Por Karina Toledo
Agência FAPESP – Todos os cenários de mitigação dos impactos
das mudanças climáticas apresentadas no domingo (13/04) pelos cientistas
do Painel Intergovernamental sobre Mudanças Climáticas (IPCC, na sigla
em inglês), da Organização das Nações Unidas (ONU), passam pela redução
das emissões de gases do efeito estufa e por investimentos em
tecnologias capazes de sequestrar o carbono já emitido.
Se a humanidade quiser impedir que a temperatura do planeta suba, até
o fim do século, mais do que 2 graus Celsius em relação ao período
pré-industrial – evitando assim impactos mais significativos –, será
necessário reduzir as emissões globais de gases de efeito estufa entre
40% e 70% em relação a 2010, até meados do século, e para quase zero até
2100.
As informações são do Sumário para Formuladores de Políticas Públicas do relatório “Climate Change 2014: Mitigation of Climate Change”, elaborado pelo terceiro grupo de trabalho (WG3, na sigla em inglês) do IPCC.
Para os especialistas, a redução das emissões envolve o investimento
em energias renováveis, o aumento da eficiência no uso de recursos e a
redução do consumo insustentável.
Uma meta ambiciosa seria reduzir em torno de 1,7% o consumo de bens e
produtos até 2030, 3,4% até 2050 e 4,8% até 2100 – o que equivaleria a
uma redução de 0,06% por ano no crescimento do consumo ao longo do
século.
O documento – que corresponde à terceira parte do relatório de
avaliação (AR5) do Painel – aponta ainda que seria necessário um
investimento global em torno de US$ 177 bilhões por ano no
desenvolvimento de tecnologias que permitam reduzir as emissões e
sequestrar o carbono já emitido.
“Mas essas mudanças trazem uma série de benefícios adicionais que
precisam ser computados nessa conta.
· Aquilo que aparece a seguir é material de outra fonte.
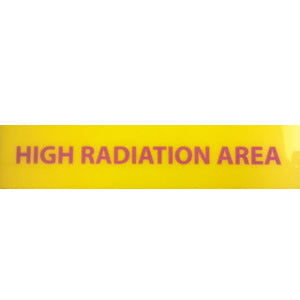 HIGH RADIATION AREA  Solar Grade Polycarbonate 1.625" x 8"  Purple on Yellow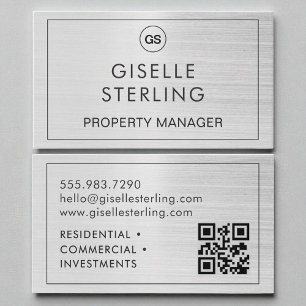 QR Code Egendom Manager Brushed Silver Monogram Visitkort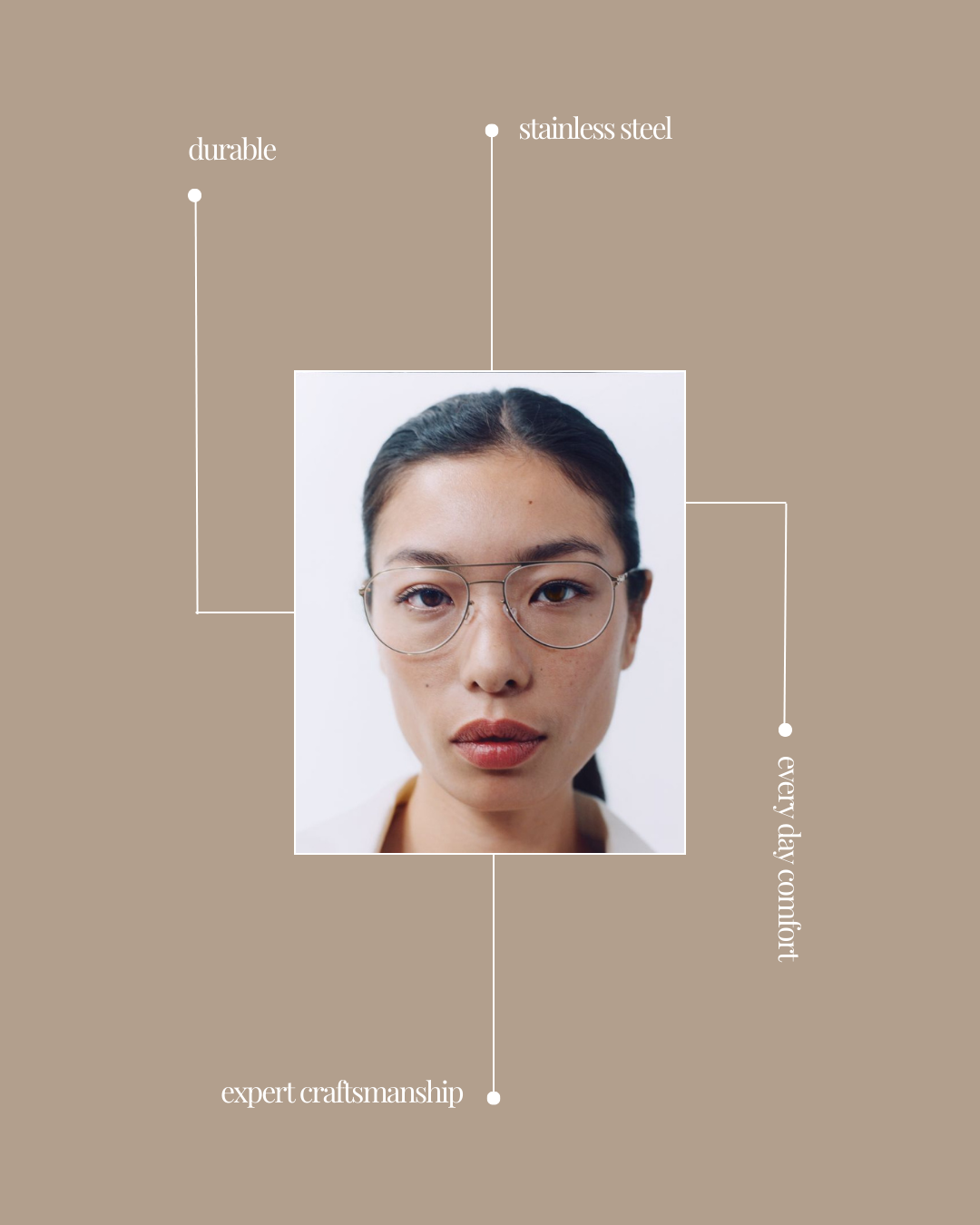 A woman wearing glasses with a white background depicted on a brown graphic with white text highlighting durability, stainless steel, every day comfort, and expert craftsmanship.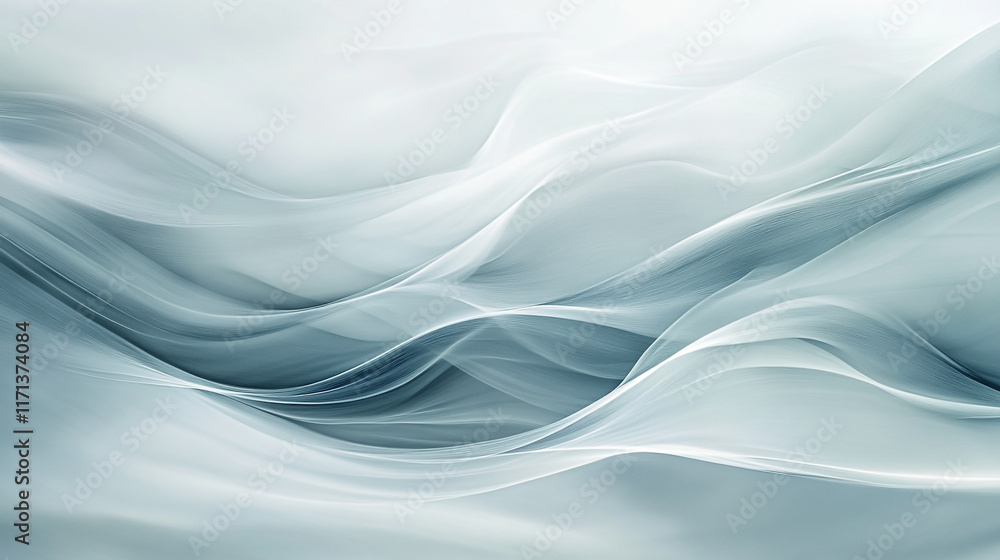 Fototapeta premium Subtle white chiffon texture with a soft and flowy feel, Elegant abstract white background with subtle flowing texture and glowing design element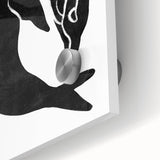 Mid Century Modern Art – Minimalist Abstract Sea Life in Black & White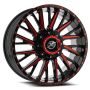 XF Off-Road XF-226 22x12 6x135 6x139.7 -44 Cb 106.4 Gloss Black & Red Milled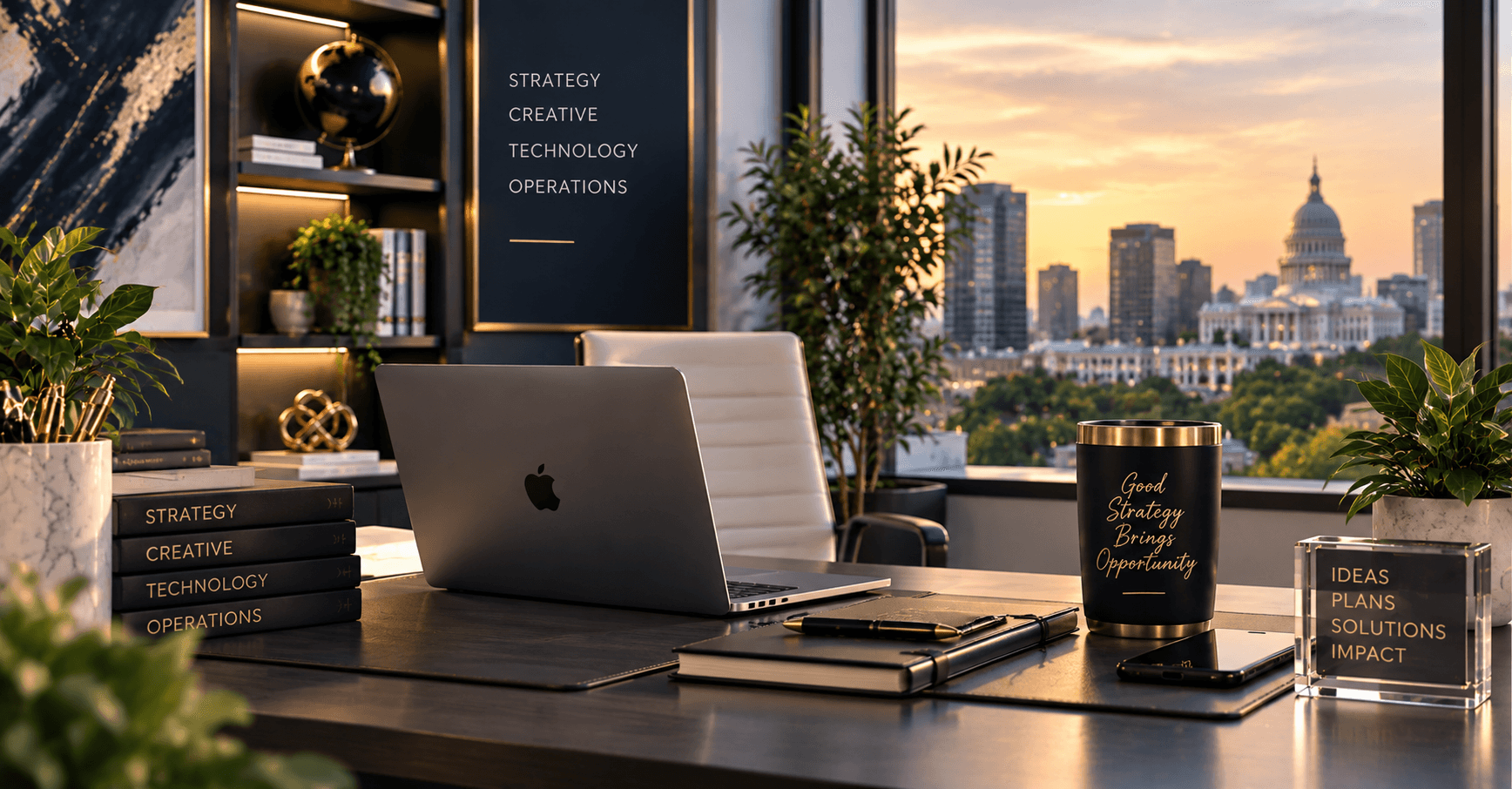 Professional office desk with laptop and books overlooking the US Capitol building at sunset.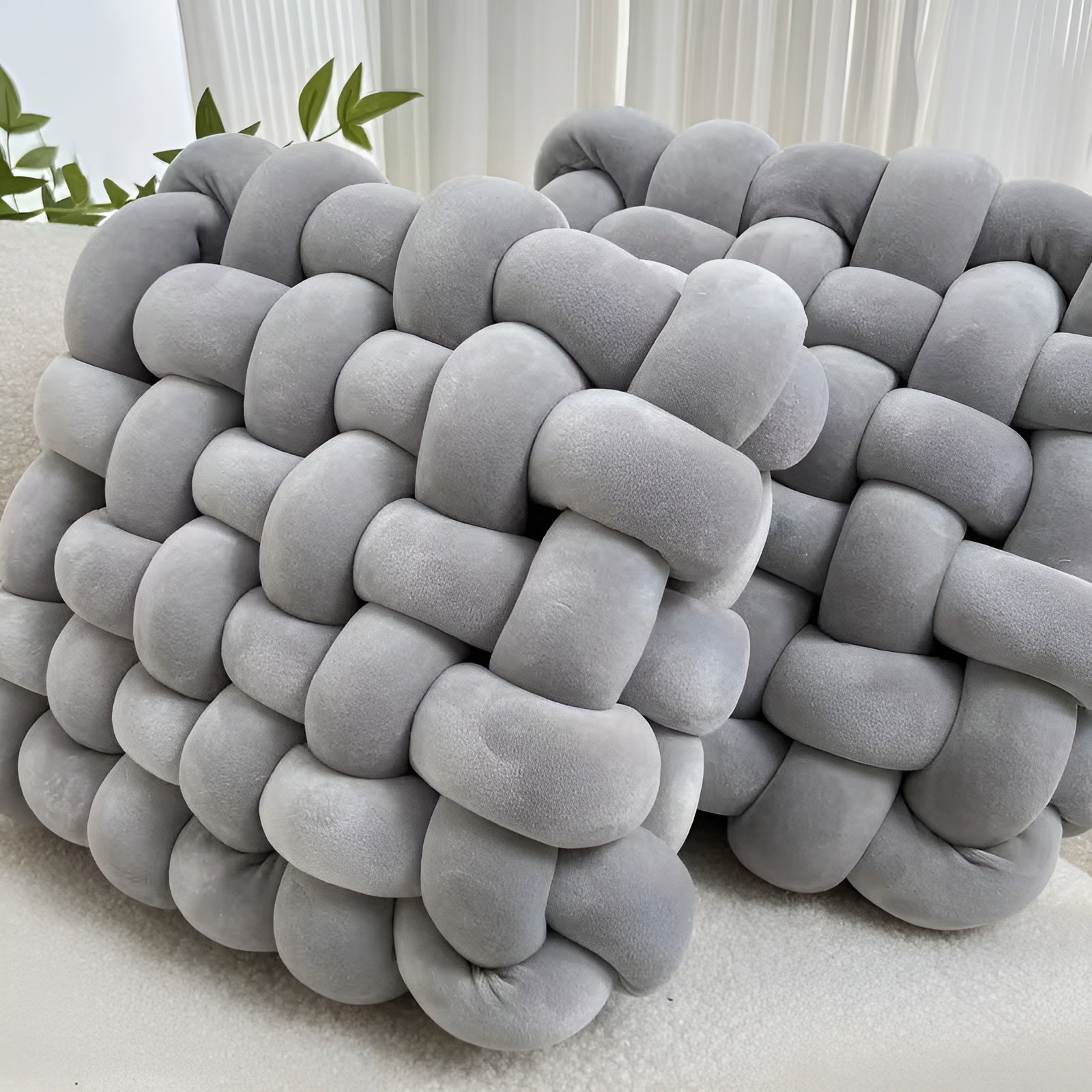 Knoten-Dekokissen im 2er-Set – Weich und Dekorativ | Perfekt für Sofa Bett und Wohnzimmer - Grau - Kissen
Podem trazer melhoria da qualidade
de vida pela redução da poluição atmosférica e disponibilizar recursos
de forma mais eficiente para as pessoas. Os benefícios da mitigação
podem até superar as perdas com a redução do consumo ao longo do tempo”,
afirmou Mercedes Maria da Cunha Bustamante, professora do Departamento
de Ecologia do Instituto de Ciências Biológicas da Universidade de
Brasília (UnB) e um dos três membros brasileiros da equipe de cientistas
que elaborou o sumário.
Em entrevista à Agência FAPESP, Bustamante falou sobre como o
documento deverá ajudar nas negociações sobre o clima nos próximos anos,
quais são as expectativas de um acordo global para a redução de
emissões e como ações individuais podem ajudar no processo de mitigação.
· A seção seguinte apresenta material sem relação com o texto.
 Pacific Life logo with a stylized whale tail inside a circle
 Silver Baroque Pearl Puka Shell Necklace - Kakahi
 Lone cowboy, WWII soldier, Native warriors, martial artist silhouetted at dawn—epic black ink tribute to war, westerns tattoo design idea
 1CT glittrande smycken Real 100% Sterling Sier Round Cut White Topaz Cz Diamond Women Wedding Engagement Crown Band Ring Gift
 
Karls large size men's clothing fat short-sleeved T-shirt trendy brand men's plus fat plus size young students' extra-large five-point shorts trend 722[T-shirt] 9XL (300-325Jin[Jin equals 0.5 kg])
Agência FAPESP – Qual é a sua linha de pesquisa na UnB?
Mercedes Maria da Cunha Bustamante – Nosso grupo de trabalho se
dedica a estudar os impactos da conversão de sistemas naturais, como a
Amazônia e o Cerrado, sobre o funcionamento dos ecossistemas. Há quase
20 anos tentamos entender como funcionam os ciclos de carbono e de
nitrogênio nesses sistemas naturais e de que forma esses ciclos são
impactados pelas mudanças de uso do solo. Também buscamos avaliar o
impacto da biodiversidade para o funcionamento desses ecossistemas.
Agência FAPESP – Desde quando colabora com os trabalhos do IPCC?
Bustamante – Eu já havia colaborado no relatório anterior,
publicado em 2007, mas apenas como revisora. Quando se iniciou o
processo de definição dos autores do terceiro grupo de trabalho do AR5
fui convidada para coordenar – ao lado de Pete Smith, do Reino Unido – o
capítulo sobre Agriculture, Forestry and Other Land Uses [Agricultura, silvicultura e outros usos da terra].
São ao todo 16 capítulos que compõem o relatório do WG3 e quase 10 mil
referências bibliográficas. O trabalho teve início há pouco mais de três
anos.
Agência FAPESP – Na primeira parte do AR5, cientistas já
haviam alertado que, caso as emissões de gases do efeito estufa
continuem crescendo às atuais taxas ao longo dos próximos anos, a
temperatura do planeta poderá aumentar até 4,8ºC. Qual é a proposta
dessa terceira parte do AR5 para evitar que isso aconteça?
Bustamante – Com base nos modelos desenvolvidos pelo WG1 – que
estimou o aumento da temperatura em cada diferente cenário de
concentração de gases de efeito estufa – calculou-se o quanto cada setor
da economia precisa contribuir para a mitigação. A meta é manter o
aumento da temperatura em até 2 ºC até o fim do século. Cerca de 900
cenários foram elaborados buscando avaliar como ações de mitigação em um
determinado setor impactam os demais. Por exemplo, como a terra é um
recurso limitado, se eu aumentar muito a área de floresta, diminui a
área para produção de alimentos ou para plantação de culturas voltadas à
bioenergia. Com base nesses cenários, elaboramos um “mapa” com várias
saídas possíveis. Todas elas passam por reduzir as emissões e aumentar
medidas que promovam sequestro de carbono. A mensagem principal é: não
dá para postergar mais essas ações necessárias. Não é um processo de
tomada de decisão simples, é realmente complexo e multissetorial. Nenhum
setor sozinho vai dar conta de fazer as alterações necessárias. Vai
exigir um planejamento das interações entre os setores.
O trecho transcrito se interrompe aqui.